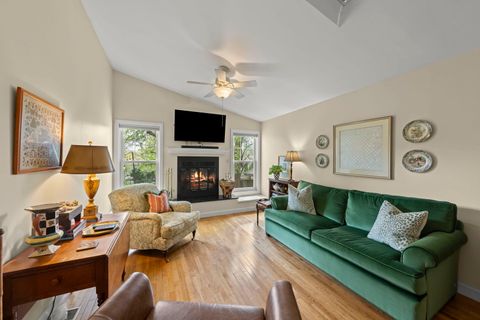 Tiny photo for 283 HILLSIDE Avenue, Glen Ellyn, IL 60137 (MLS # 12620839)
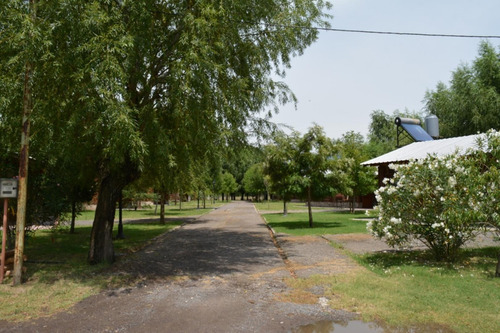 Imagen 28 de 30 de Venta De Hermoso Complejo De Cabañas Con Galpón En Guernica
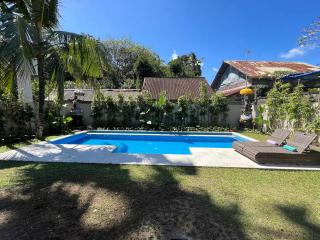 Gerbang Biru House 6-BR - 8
--
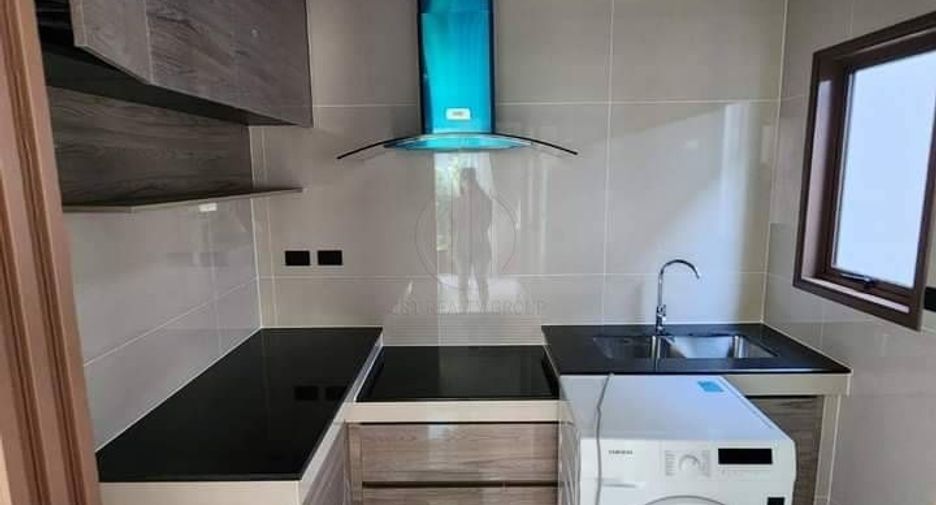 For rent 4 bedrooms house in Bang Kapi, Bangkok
* * *
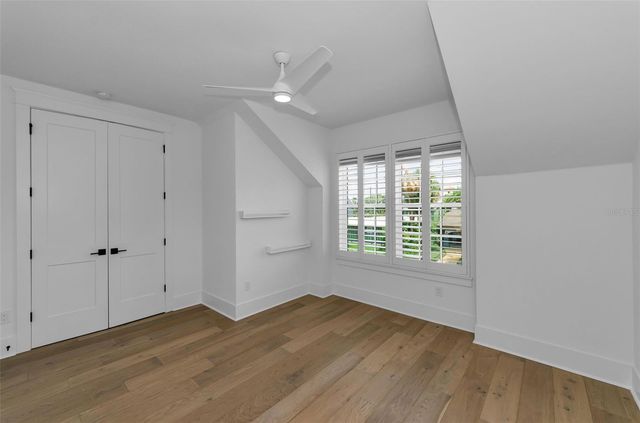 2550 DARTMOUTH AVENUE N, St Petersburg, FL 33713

▸ **PROBLEM TO WORK ON**
When you reach the line with "Imagen 28 de" in the records above, begin repeating the lines exactly, and stop after the line with "Gerbang Biru House 6-BR - 8". Skip all pictures.

▸ **THE COMPLETED TASK**
 Imagen 28 de 30 de Venta De Hermoso Complejo De Cabañas Con Galpón En Guernica
 Gerbang Biru House 6-BR - 8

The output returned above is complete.